The dangers of threat inflation in cybersecurity policy
In an article for the Harvard National Security Journal, Jerry Brito and Tate Watkins, wrote:
There has been no shortage of attention devoted to cybersecurity, with a wide range of experts warning of potential doomsday scenarios should the government not act to better secure the Internet. But this is not the first time we have been warned of impending dangers; indeed, there are many parallels between present portrayals of cyberthreats and the portrayal of Iraq prior to 2003, or the perceived bomber gap in the late 1950s.

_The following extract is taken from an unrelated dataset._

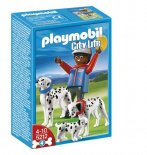 PM 5212 Kutyasétáltatás-Dalmaták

This Article asks for a better justification for the increased resources devoted to cyber threats. It examines the claims made by those calling for increased attention to cybersecurity, and notes the interests of a military-industrial complex in playing up fears of a “cyber Katrina.” Cybersecurity is undoubtedly an important policy issue. But with a dearth of information regarding the true nature of the threat, it is quite difficult to determine whether certain government policies are warranted—or if this merely represents the latest iteration of threat inflation benefitting private and parochial political interests.

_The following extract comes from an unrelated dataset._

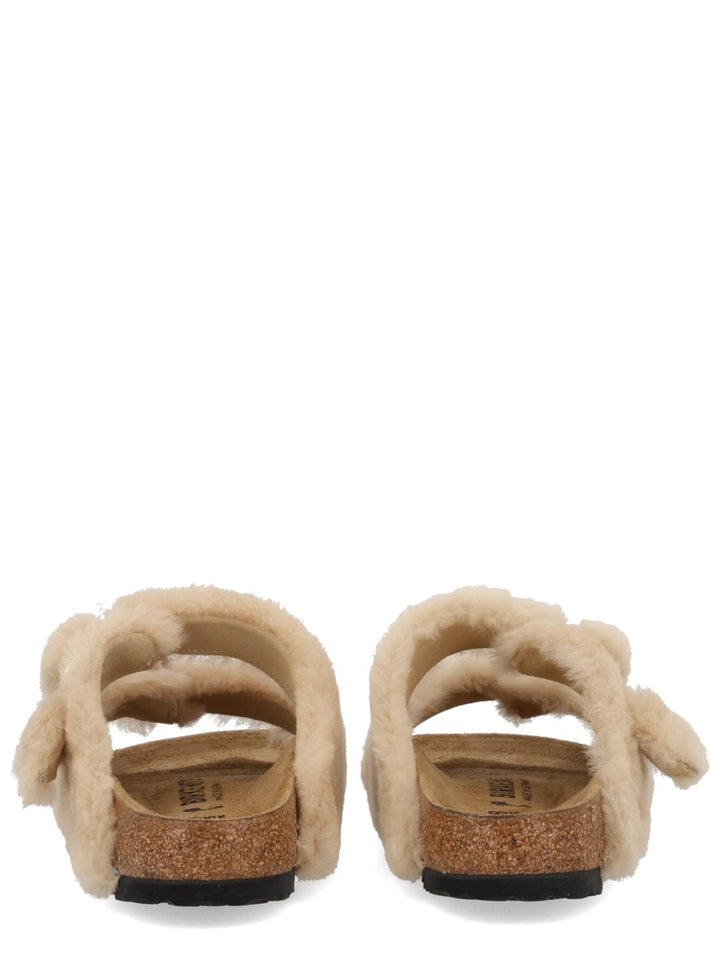Birkenstock Sandals - Beige | 5b4b39873394a2a81ed549c6cddf07a995c5a203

The article is interesting for the questions it raises about the policies that are being adopted (or about to be adopted) by the U.S. government, given the evidence (and lack of evidence) that supports them, and the possible consequences of their adoption.
I'm not going into details or comment on the arguments presented. However, I feel I must write the following: It's important to keep a critical mind with regard to our own perception and our own recommendations. For this reason, I think the article is valuable and must be read (!)